<Martin Taylor 940418 15:30>

Bill Powers (940418.1155 MDT)

The amount of compression achieved by sending the

difference between real and model handles instead of just the real

handle positions is not as dramatic as I had thought it would be.

That may well relate to the compression algorithm or to the model or to

the system noise. All matter, but we can't tell which is more important

directly.

The compression algorithm is related to the kind of stuff the algorithm

designers anticipated--what redundancies they look for. Sometimes, with

waveforms, the most effective compression algorithms are wildly different

from those that work best with text.

One thing that makes a big difference is the ability to reduce the size

of the numbers from two bytes to one. If the compression algorithm works

initially by looking at a sequences of bytes (as a text-compression

algorithm is likely to do), then strings of 001 135 001 135 ... will not

be well compressed even though they are the same number.
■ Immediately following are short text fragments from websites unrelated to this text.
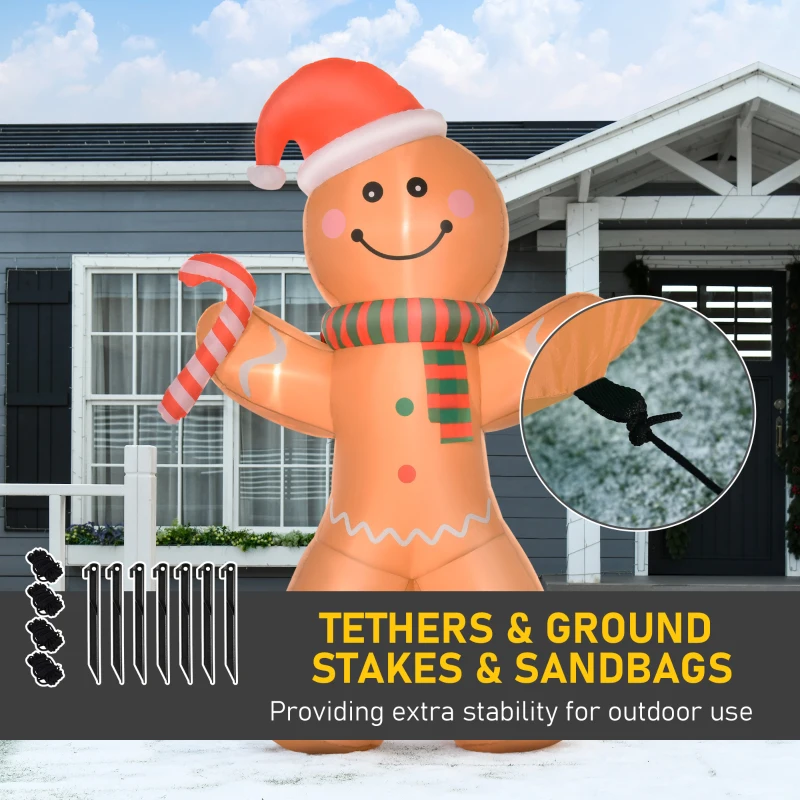 HOMCOM 8ft Christmas Inflatable Gingerbread Man, Lighted Blow Up Decor for Indoor and Outdoor Garden Party Prop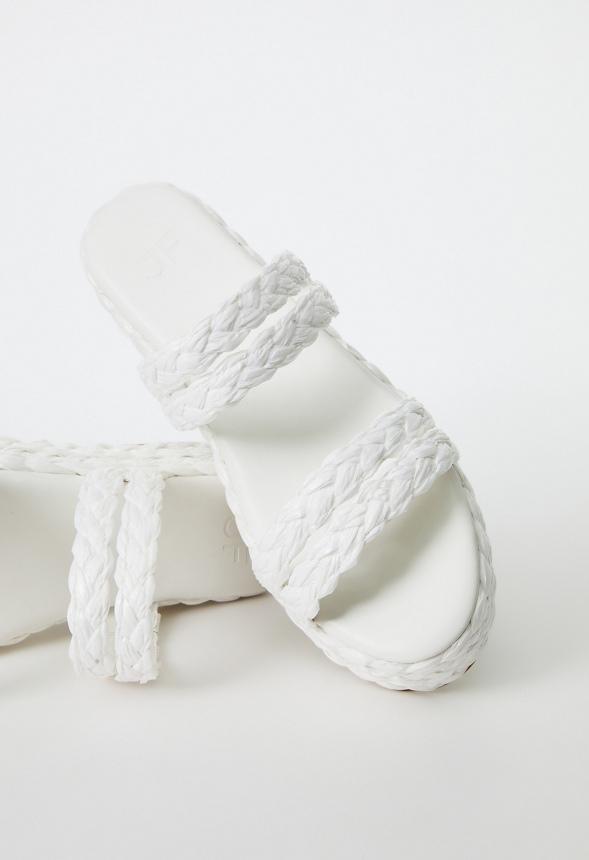 JustFab Margaux Platform Loafer Pump Womens Black/ White Size 8.5 Product Image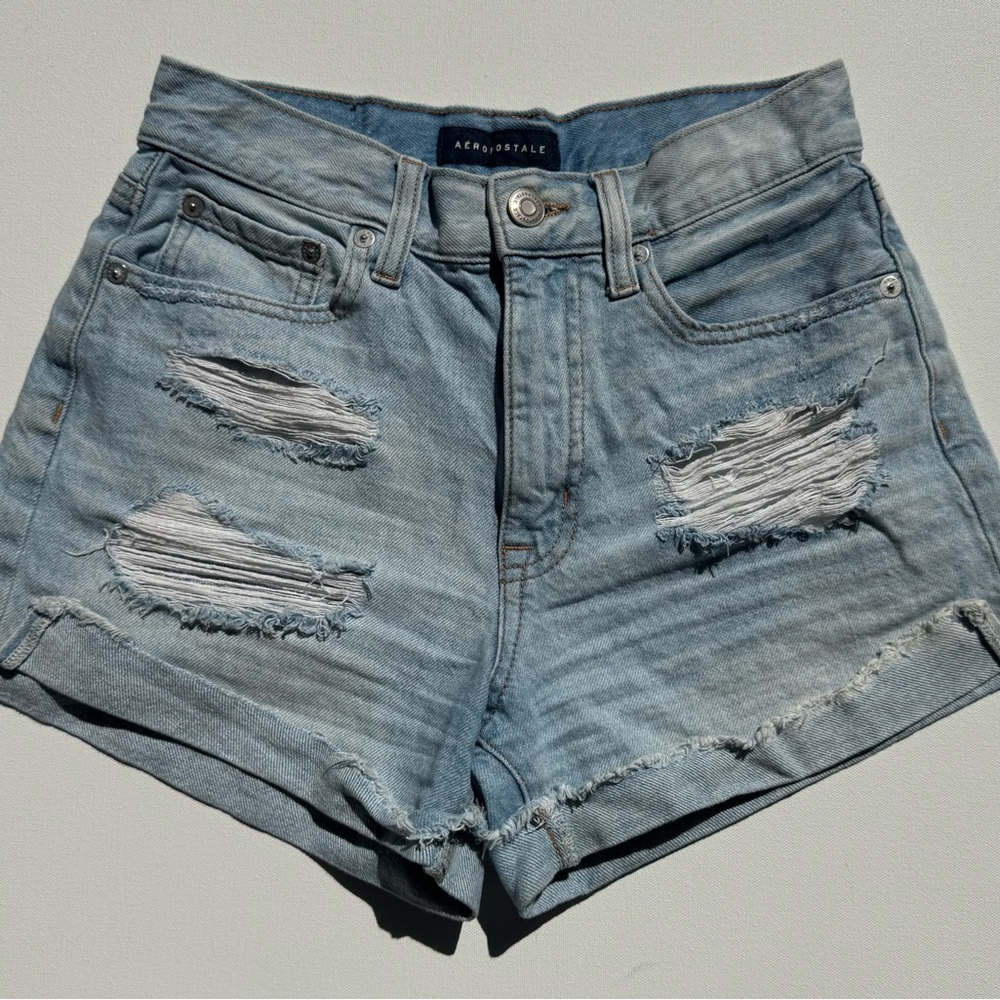 Aeropostale Women's Ripped Jean Shorts - Light Blue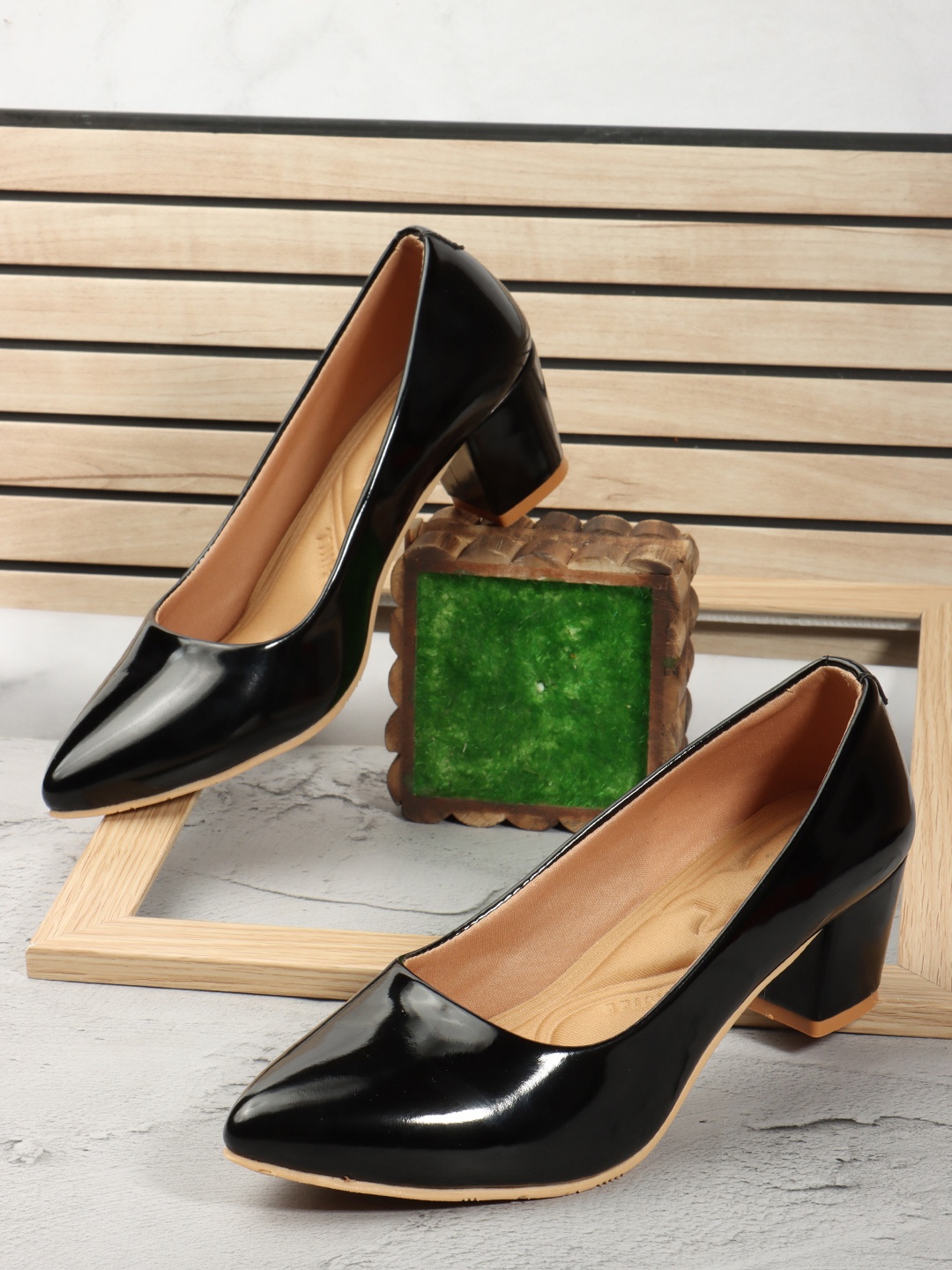 

Denill Pointed Toe Work Block Pumps, Black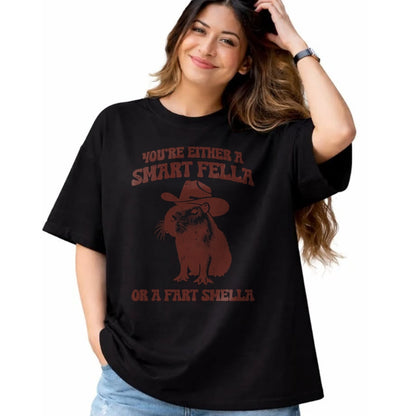 Cute Capybara Shirt, Funny Capybara Unisex T-Shirt/Hoodie/Sweatshirt HLT00 - Capybara Either Smart Fella Fart Smella Funny Men Women Kids T-Shirt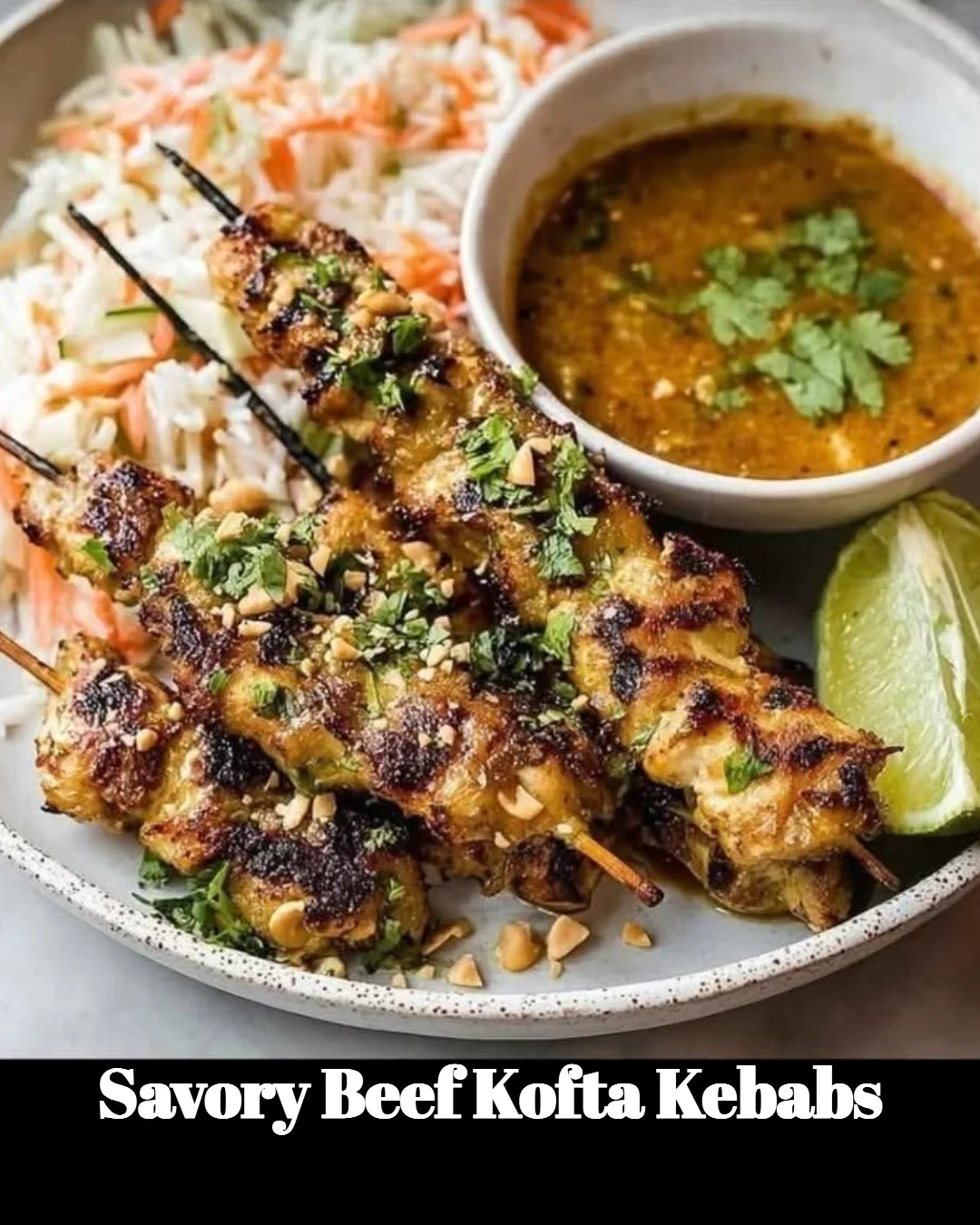 Savory beef kofta kebabs served on a platter with herbs and dipping sauce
Waveform compression algorithms may work quite differently from text

compression algorithms. For one thing, they have to work with numbers.

They could start by reducing the data into principal component form,

or by differentiating it, or both (using principal components on the

values and the derivatives simultaneously). Or they might use the new

fractal decomposition techniques. But they wouldn't use the sequential

statistics of English! With waveforms, the peak sample-to-sample difference

is likely to be much smaller than the peak values of the waveform, and

one might get a two-byte to one-byte compression simply by presenting

a starting value and coding the rest as sucessive differences before

compression.

However, if the compression algorithm isn't the reason for the small

improvement, there are two other possibilities: system noise, or model

failure. If the system noise is truly Gaussian, there's nothing much

any compression algorithm can do. But if there is some improvement in

the model that would reduce the noise level appreciably, it would be

worthwhile wasting quite a few bytes of model description to do so.

So, don't be discouraged by a reduction of only 13% in the amount of data

needed after compression. There are lots of reasons why this might happen

that do not reflect on the value of the underlying concept.

Martin